Tiger conservation is improving the health of rural communities in India

Born Free
The small school in the centre of Khursapar has been turned into a makeshift doctor’s surgery for the morning. Born Free’s Living with Tigers’ Mobile Health Unit is in town.

For World Health Day, Born Free examines how its Living with Tigers programme is improving the health of local communities near Pench National Park, in central India

Tiger Conservation

Living with Tigers’ Mobile Health Unit

The small school in the centre of Khursapar has been turned into a makeshift doctor’s surgery for the morning. Born Free’s Living with Tigers’ Mobile Health Unit is in town.

 

Khursapar, a rural village in central India, is 15kms from the nearest health facility. Emergency care is 75kms away in the city of Nagpur. The Mobile Health Unit is an initiative by Satpuda Foundation, a partner of Born Free’s Living with Tigers programme, which gives local communities like Khursapar access to vital healthcare. Established in 2004, it serves 48 villages around Pench National Park.

 

The unit is made up of a doctor, driver and community officer, and it’s out on the road three days a week, holding two surgeries a day. It treats minor illnesses, prescribes medication and also holds a special camp for eye surgeries once a year.

 

Some 30 people have come to visit the unit at Khursapar – about 10% of the population of the village. The Mobile Health Unit sees an average of 40 people per surgery but can see as many as 200. Of the patients today, a woman and her child have a persistent cough. Another woman has joint pains.

 

Their ailments are typical of those treated by the unit, although some cases can be much more serious. Three pregnant women have been helped with complications during labour, for example, and one forest guard was rushed to hospital by the unit after he drunk water that had been poisoned by poachers who were trying to catch a tiger.
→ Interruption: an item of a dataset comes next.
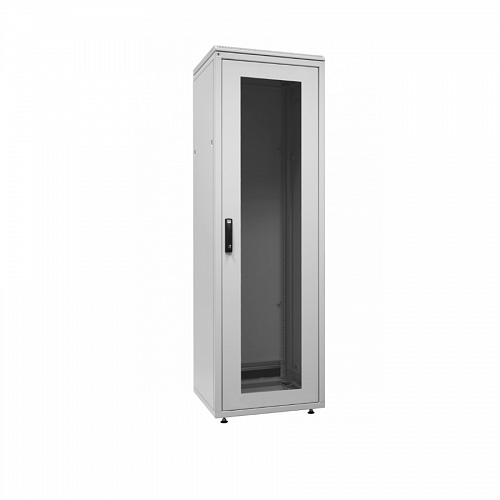 Шкаф напольный 19, SZBD, 38U, 1785x600х800мм (ВхШхГ), стеклянная дверь в стальной раме, ручка с замком с трехточечной фиксацией, цвет серый (RAL 703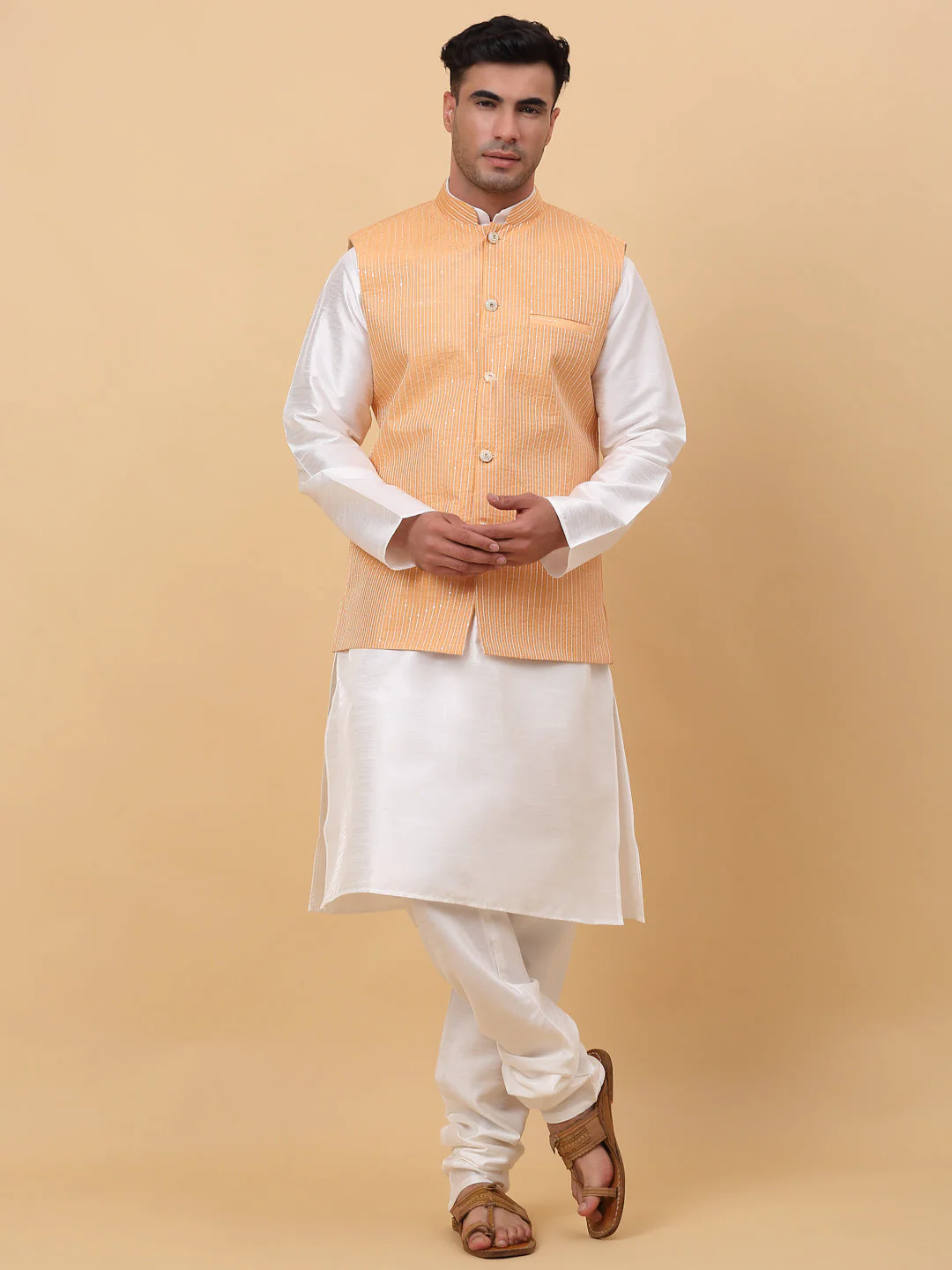 Men Cream Silk Blend Kurta, Churidar With SIlk Striped Nehru Jacket - Image 139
“Born Free’s Living with Tigers programme supports a network of Indian NGOs to help conserve wild tigers and find solutions to human-wildlife conflict across the Satpuda region of central India. Initiatives like the Mobile Health Unit help wildlife conservation because they instil sympathy and trust with local communities in the work of Living with Tigers, and also act as a way for Living with Tigers to find out if anything new is happening in the community that could adversely affect wildlife. Thanks to the Mobile Health Unit, eight poachers have been caught after patients passed on crucial information,” said Howard Jones, CEO at Born Free.

 

Jones added: “For villages like Khursapar, Born Free’s Mobile Health Unit is a real lifeline for the communities it serves. With your help, we can continue this vital work.”